Last week, in AIG Europe Ltd v Woodman the Supreme Court overruled a Court of Appeal decision that claims made by 214 investors in two holiday home developments (one in Turkey and one in Morocco) could not be aggregated. We commented on the first instance decision of Teare J. in a previous post.

The funds the investors had provided were supposed to be held in escrow by the defendant solicitors until a promised level of security was given by the developers to a trust as security for the investments. The defendant solicitors were also the trustees of the trust. The solicitors/trustees are alleged to have released the funds held in escrow without the promised level of security being provided, causing total losses to the investors of over £10m.

The solicitors' insurers rely on clause 2.5(a)(iv) of the Law Society’s solicitors’ Minimum Terms and Conditions to cap their indemnity at £3m. This clause allows the insurers to treat claims “arising from similar acts or omissions in a series of related matters or transactions” as a single claim. The key question is whether the investors’ claims arose from a “series of related matters or transactions”.

The Court of Appeal had held that the expression “related matters or transactions” required that there must be an “intrinsic” relationship between the transactions rather than an extrinsic relationship with some outside third factor and ruled that the aggregation clause could not be relied on by the insurers.

The Supreme Court rejected the Court of Appeal’s analysis as the word “intrinsic” could take on different meaning in different contexts.
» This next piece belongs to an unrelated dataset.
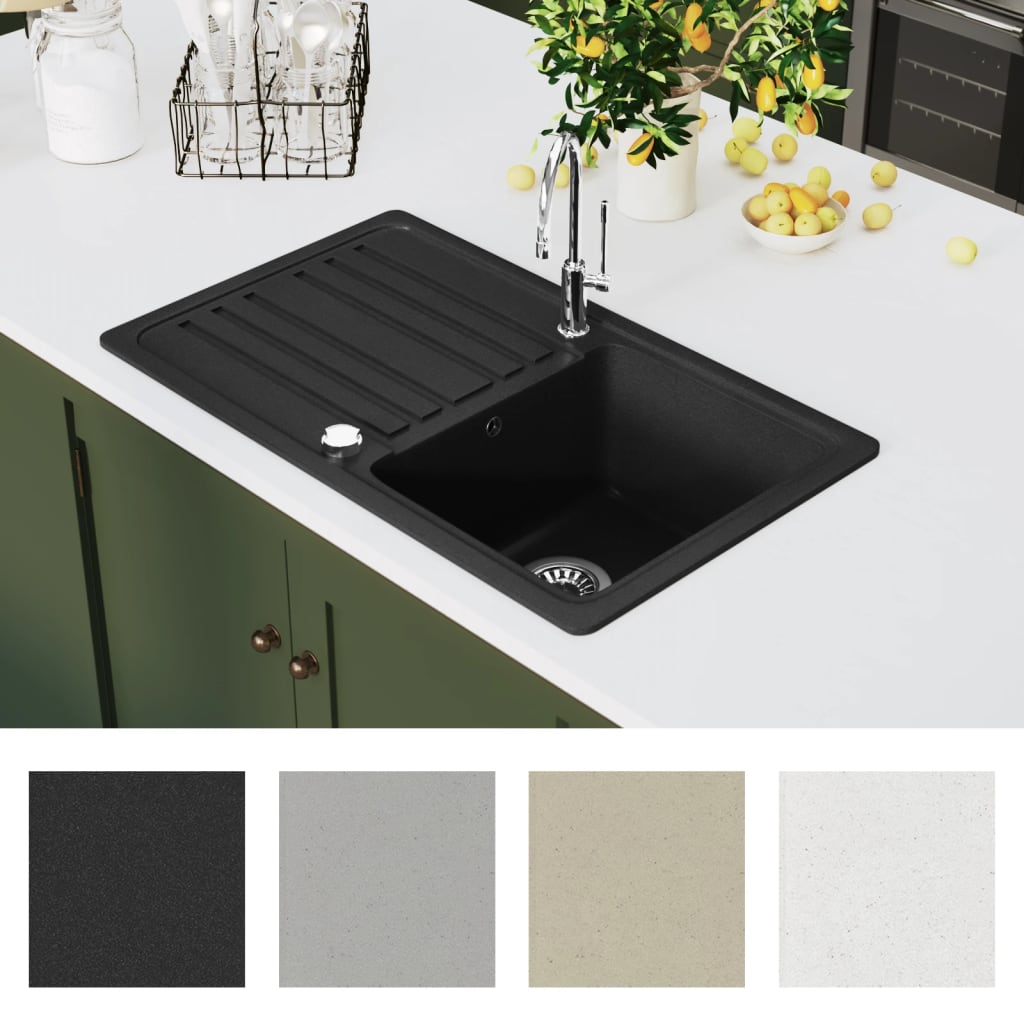 Évier vidaxl granite single évier avec drain réversible noir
The Supreme Court said that the Court of Appeal had taken too narrow a view of the “transactions” to be considered when applying the phrase “a series of related matter or transactions”. Although each transaction was principally bilateral, the solicitors’ role as both escrow agents and trustees created a multilateral element. All the investors were co-beneficiaries of a common trust. The claims of each group of investors did arise from acts of omissions in a series of related transactions and could be aggregated.

However, the connections between the two developments was weaker. The security structures were similar and involved companies in the same group but different groups of investors were protected by different deeds of trusts over different assets. Accordingly, the insurers could only rely on the aggregation clause to limit their liability to one claim in respect of the Turkish development and one claim in respect of the Moroccan development.